Sauf que c’est un mini bus, changement pour des raisons de remplissage. Nous voilà entassés dans un vieux véhicule, pour quatre heures, avec un arrêt pour passer la frontière à Ha Tien.
Le chauffeur récupère nos passeports et part faire valider nos visas, encore une fois nous sommes les seuls à avoir fait ça en ligne, pourtant c’est pratique, pas de surprise de tarif, pas besoin de photo d’identité, elles sont enregistrées sur l’ordi et nous remplissons le questionnaire au calme.
Mystère….. Nous récupérons nos passeports, et nous nous dirigeons vers les bureaux pour récupérer nos récépissés d’entrée sur le territoire.
Nous nous apercevons qu’il valide notre visa à la date de la demande sur E-visa et non celle du jour de l’entrée, c’est peut être la raison pour laquelle les autres font ça sur place.
Pour le coup, nous sommes un peu dégoutés, nous perdons quatre jours sur notre planning. Il y a un scanner pour les bagages, mais nous l’évitons à leurs demande, comme tous les autres voyageurs.
Nous retournons au bus quasiment les derniers, plus de places ou presque, nous embarquons à côté du chauffeur, puis s’ajoute encore de nouveaux passagers. Ils sont debout, et il reste tout de même deux heures de route.
Il nous demande notre ville d’arrivée, et quelques 2km plus loin, nous dépose pour que nous prenions un très vieux mini bus local, il nous débarque les affaires et s’en va.
Bon pourquoi pas, nous espérons juste que l’on nous demande pas de payer une nouvelle fois et que l’on va bien à la destination prévue.
Le bon côté de ce changement, c’est qu’il n’y a presque personne dans le bus, nous prenons nos aises. Visiblement il semble aller dans la bonne direction ( vérification sur l’appli Maps Me).

Arrivé à Châu Dôc :

Deux heures plus tard nous arrivons sur Châu Dôc.
C’est vraiment un buisness avec les taxis, ils s’arrêtent toujours en galère par rapport à la ville, souvent loin de la station de bus.
Une chance nous sommes à 800m de notre guesthouse, d’autant plus qu’il n’y a que des motos taxis, vu notre chargement ce moyen de transport est inconcevable.
Nous rejoignons notre logement à pied, les gérants au demeurant très gentils ne parlent pas un mot d’anglais, ils ne trouvent pas notre réservation, ils sont nouveaux sur booking et ne sont pas familiariser avec l’appli.
Ils prennent nos passeports, et nous accompagnent à la chambre. Au Vietnam ils gardent tes passeports et tu payes le jour de ton départ, et ils te les rendent à ce moment là.
Il est 17h, trop tard pour louer un scooter, payer la journée complète pour en profiter si peu, nous attendrons demain.
Nous partons découvrir la ville à pied, c’est très bien pour ressentir un lieu nouveau, un nouveau pays.
Il est agréable de voir des inscriptions avec notre alphabet, certes ça ne change pas grand chose, vu que nous ne comprenons pas plus pour autant, c’est psychologiquement rassurant, sauf qu’ici rien n’est traduit en anglais, donc finalement, on a du mal à comprendre et se faire comprendre.
Nous n’avons pas de Dôngs, uniquement des dollars et pas d’ATM dans le coin.
Nous trouvons un troqué où manger, nous commandons un peu au petit bonheur la chance, elle acceptera de prendre nos dollars et nous rendra de la monnaie locale, tout en gardant une commission car le Dollard n’est pas arrangeant pour eux.

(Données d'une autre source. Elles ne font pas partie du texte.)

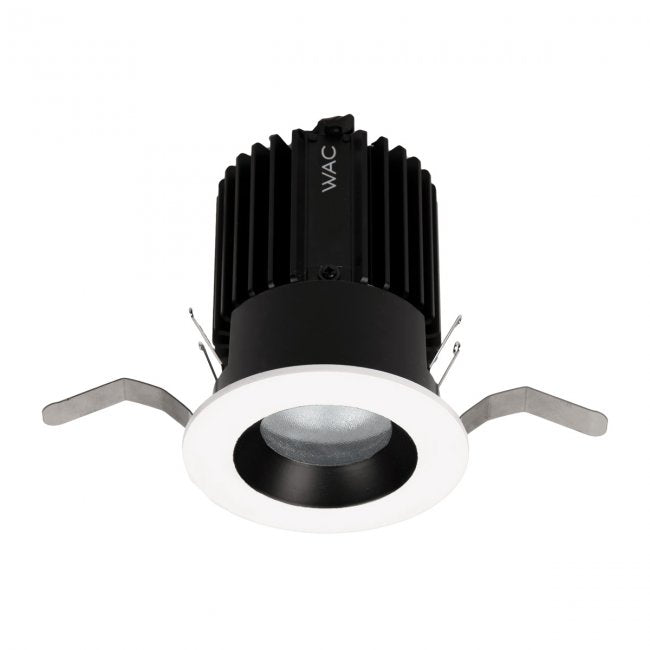 W.A.C. Lighting - R2RD1T-N830-BKWT - LED Trim - Volta - Black/White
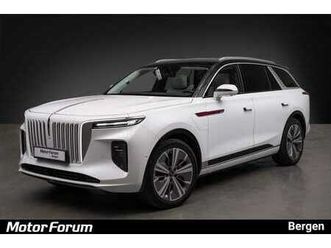 6-seter, frunk, luftfjæring,5 stjerner euroncap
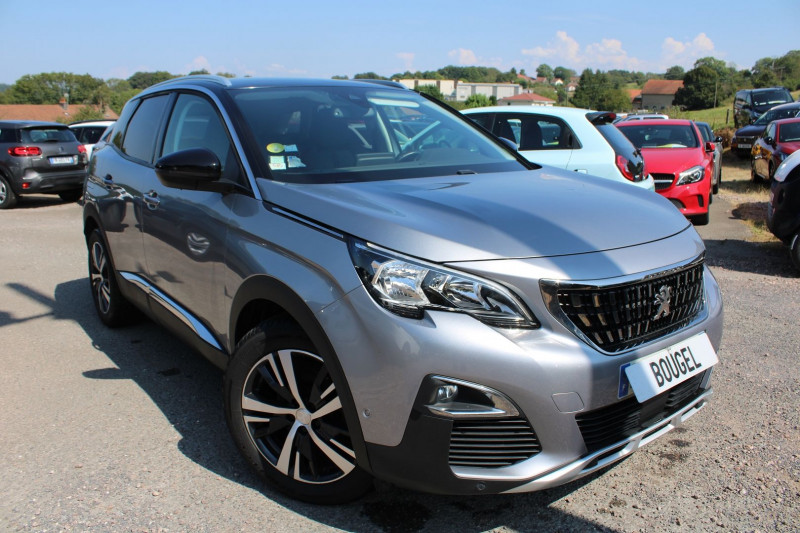 Peugeot 3008 III BLUE HDI 120 CV ALLURE GPS 3D CAMÉRA I-COKPIT MP3 USB JA 18 BLUETOOTH RÉGULATEUR Diesel GRIS ARTENSE Occasion à vendre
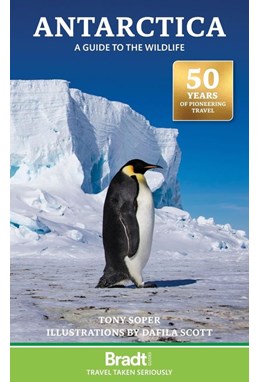 Antarctica, Bradt Travel Guide (8th ed. May 25)
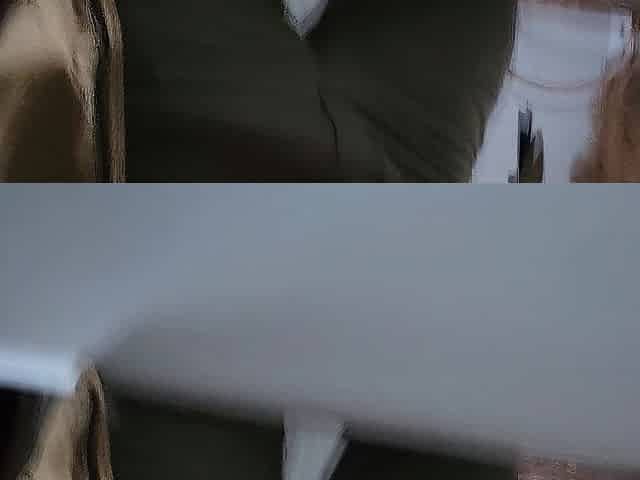 Pissing at home with a jacket
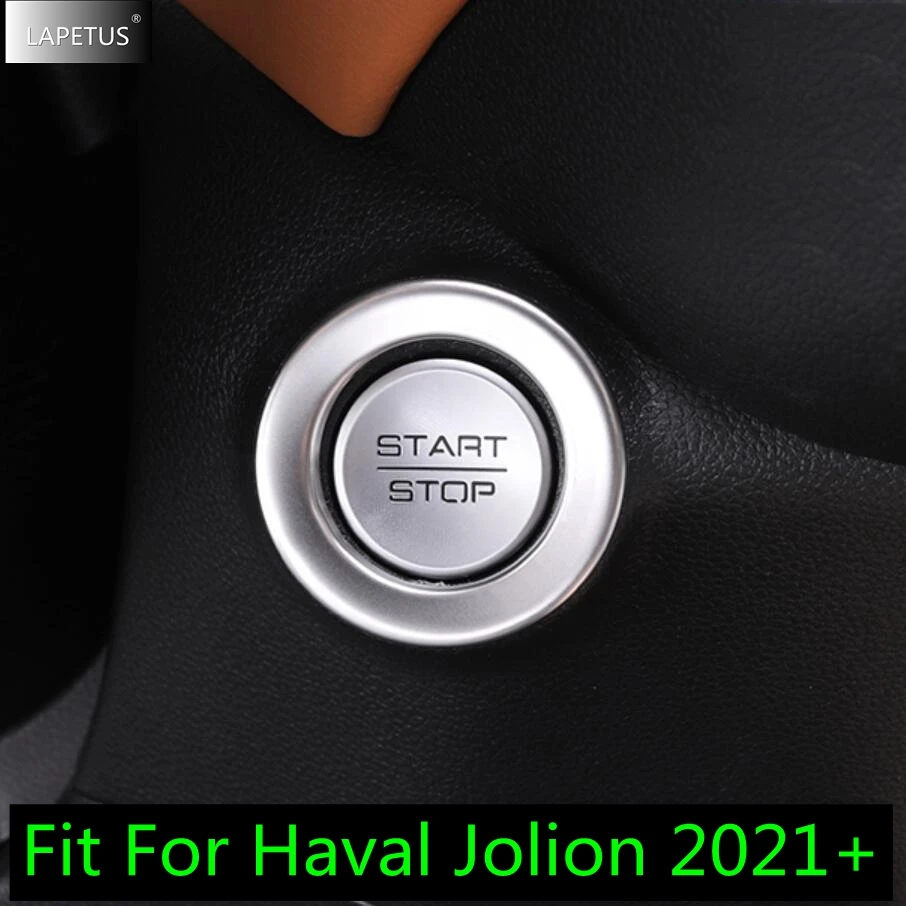 

For Haval Jolion 2021 2022 2023 2024 Car Ignition Device One-click Start Button Decoration Ring Trim Modify Sticker Accessories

Il nous faut nous familiariser encore avec une nouvelle monnaie. Grossomodo ici 20000 dôngs sont équivalents avec 1 dollars, et oui toutes les monnaies en Asie se réfère au Dollars, ce qui n’arrange pas nos calculs. Des fois il te parle en Dollars, d’autres fois en Dôngs, sachant que si ils te disent Ten (les chiffres en anglais, qu’ils connaissent à peu prés) en monnaie locale, il faut que tu ajoutes trois zéro, ce qui en fait est 10000 dôngs donc 50 cents ( la moitié d’un dollars).
Rien de très compliqué, mais il faut bien la journée pour être en phase.

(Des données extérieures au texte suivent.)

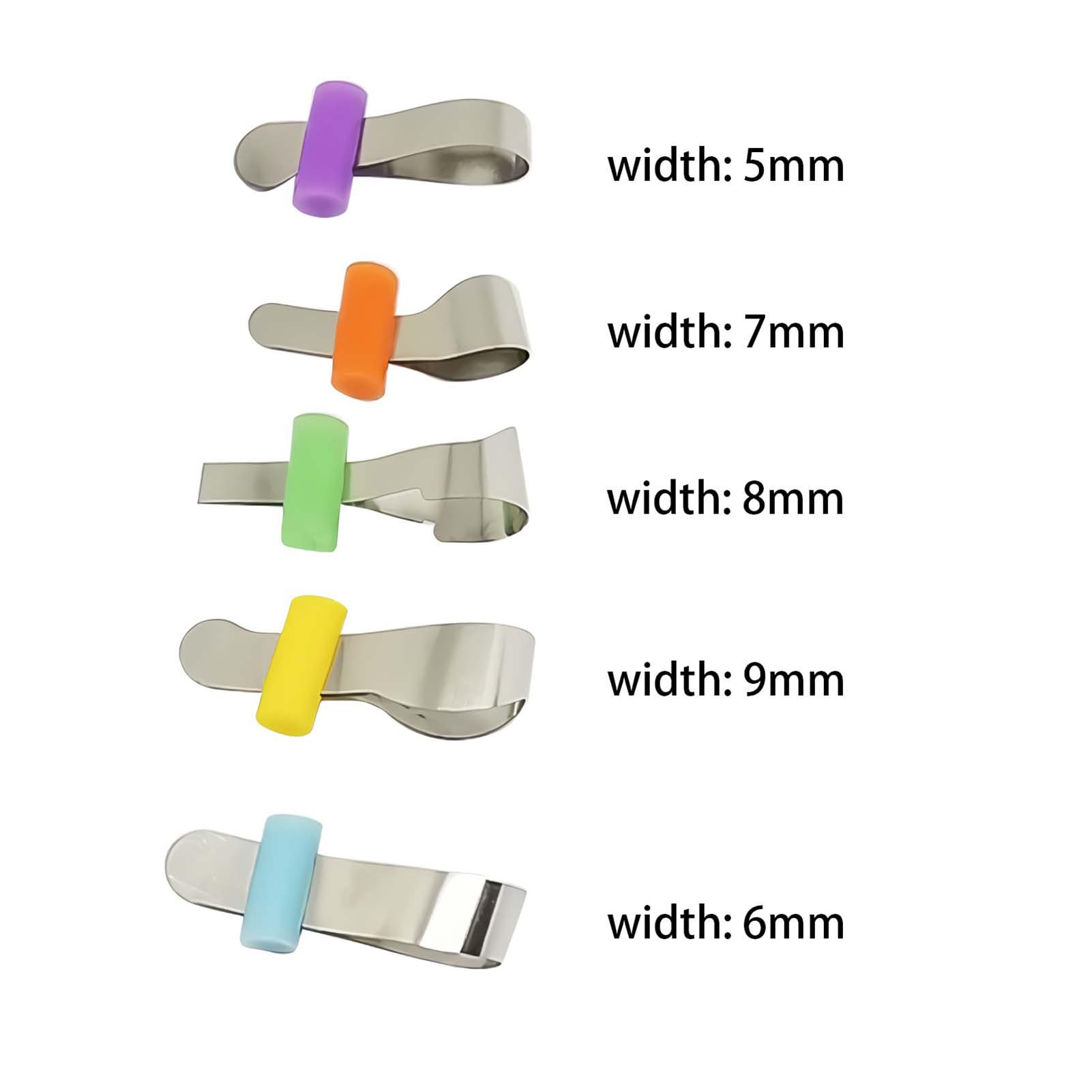 50Pcs Dental Matrix Bands for Metal Restoration - Retainerless Orthodontic Sectional Contoured Matrices Automatrix with Lock - Perfect for Dental Clinics & Orthodontic Procedures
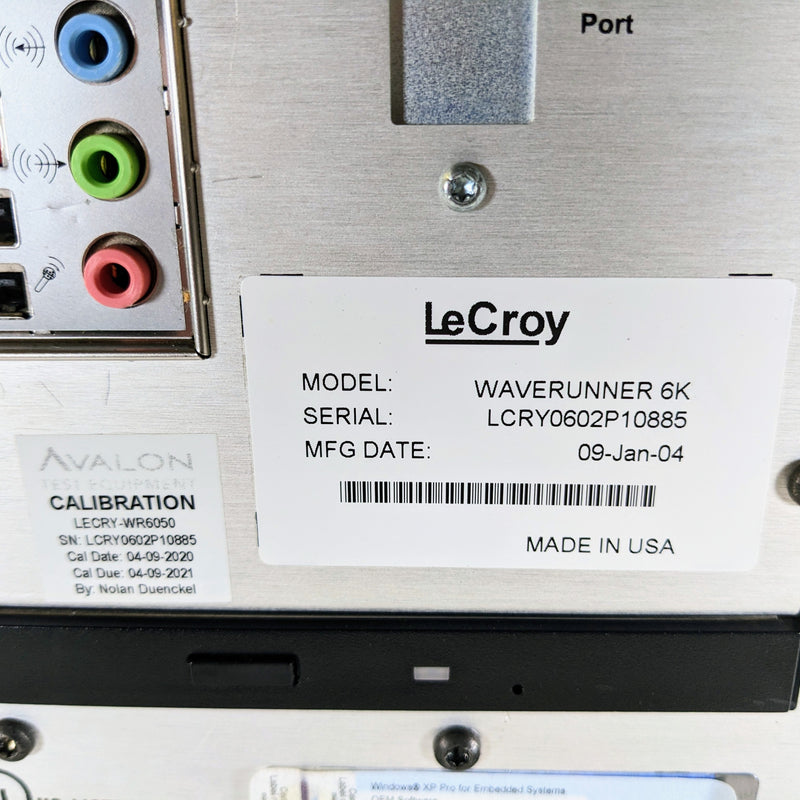 LeCroy Waverunner 6050 Oscilloscope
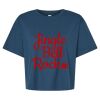 Women's Fine Jersey Boxy Tee Thumbnail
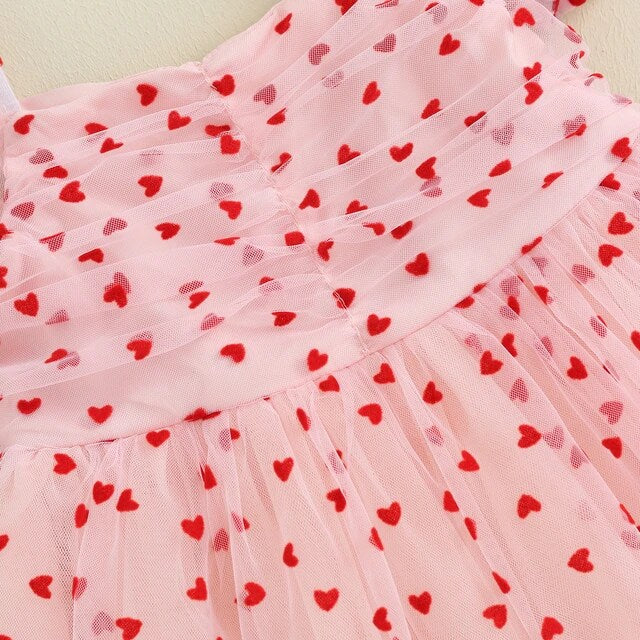 Heart Tulle Dress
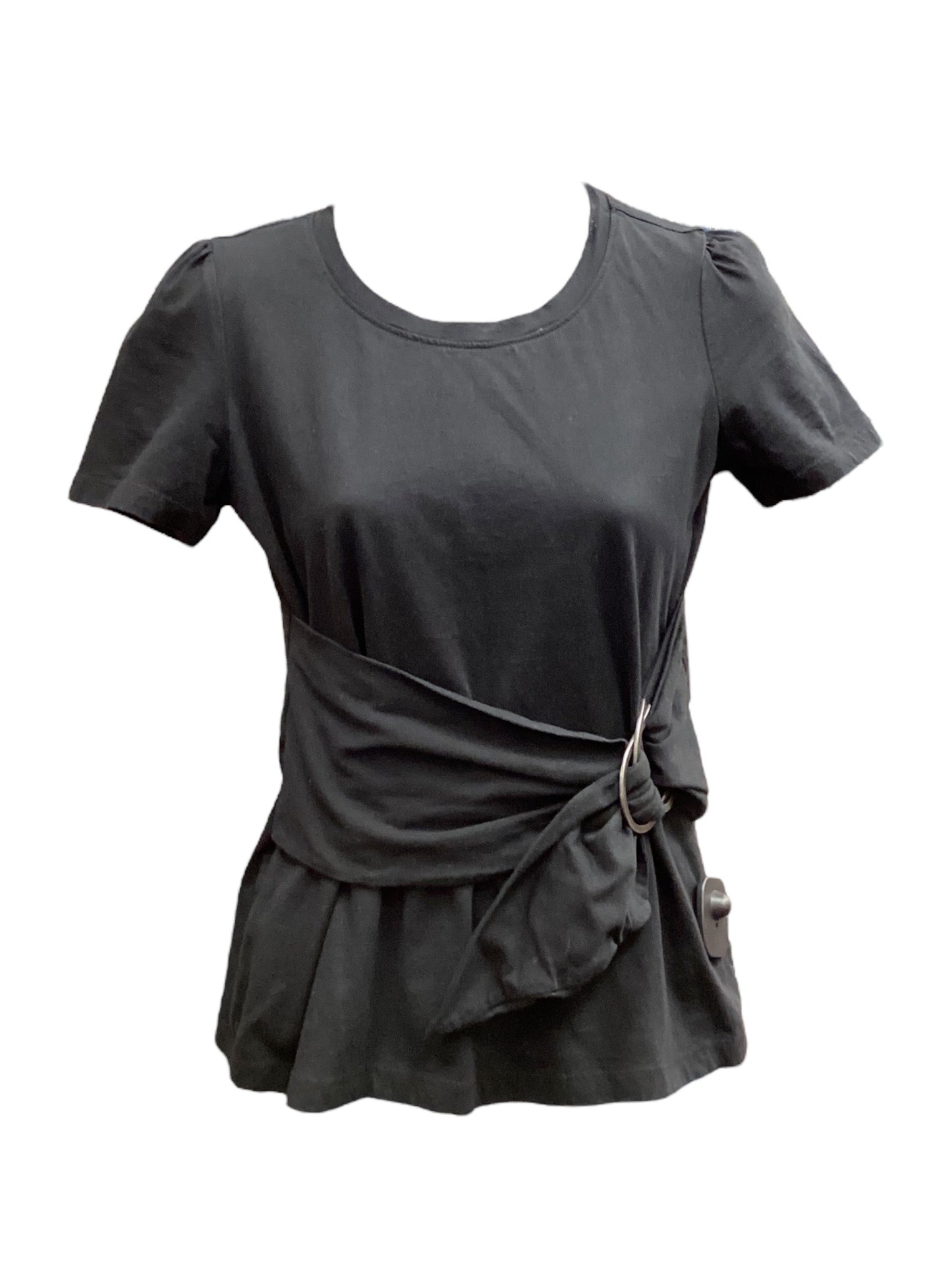 Top Short Sleeve By Maeve In Black, Size: Xs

Nos premières impressions ne sont pas terribles, mais bien sur les transitions d’un pays à un autre ne sont jamais simples.
Une bonne nuit réparatrice aura effacée nos mauvaises émotions de la veille dues à la fatigue, au manque de communication et le fait d’être contraint à un secteur limité à pied, nous ne sommes pas dans un quartier représentatif du coin.
Enfin, quelle liberté que d’avoir un scooter, le pays s’ouvre à vous, la découverte s’étend, il y a les tracés planifiés, et les chemins pris au hasard qui t’amène hors des sentiers battus où les locaux sont heureux de te voir, car ils savent que si tu es là, ce n’est pas pour trouver un lieu inscrit dans un guide quelconque, mais bien pour les rencontrer eux dans leurs quotidiens.
Nous nous répétons certainement, mais l’accueil est franc, sincère, souriant ils sont souvent amusés par nos looks décalés.
Ils sont beaux c’est certain, mais ce que nous ressentons surtout très fort, c’est leur beauté d’âme, celles qui vous touchent vous réchauffent.
Ceux sont ces moments là qui donnent du sens à l’expression du bonheur et de l’amour des autres, tout ça sans comprendre la langue. Le coeur est le meilleur et le plus beau des langages.
Donc Châu Dôc est une petite ville de la province d’An Giang, dans la région du delta du Mékong, nous sommes au Sud est située à 250km à l’ouest de Hô Chi Minh ( anciennement Saigon).
Dans le centre ville nous découvrons avec bonheur un très beau marché aux fleurs, fruits légumes très haut en couleurs, en parallèle se trouve le marché couvert pour les poissons et la viande, en bordure le Mékong.

 

Il y a un va et vient de bateaux qui viennent fournir les marchands ou à l’inverse ils récupèrent différentes marchandises, que nous supposons à livrer.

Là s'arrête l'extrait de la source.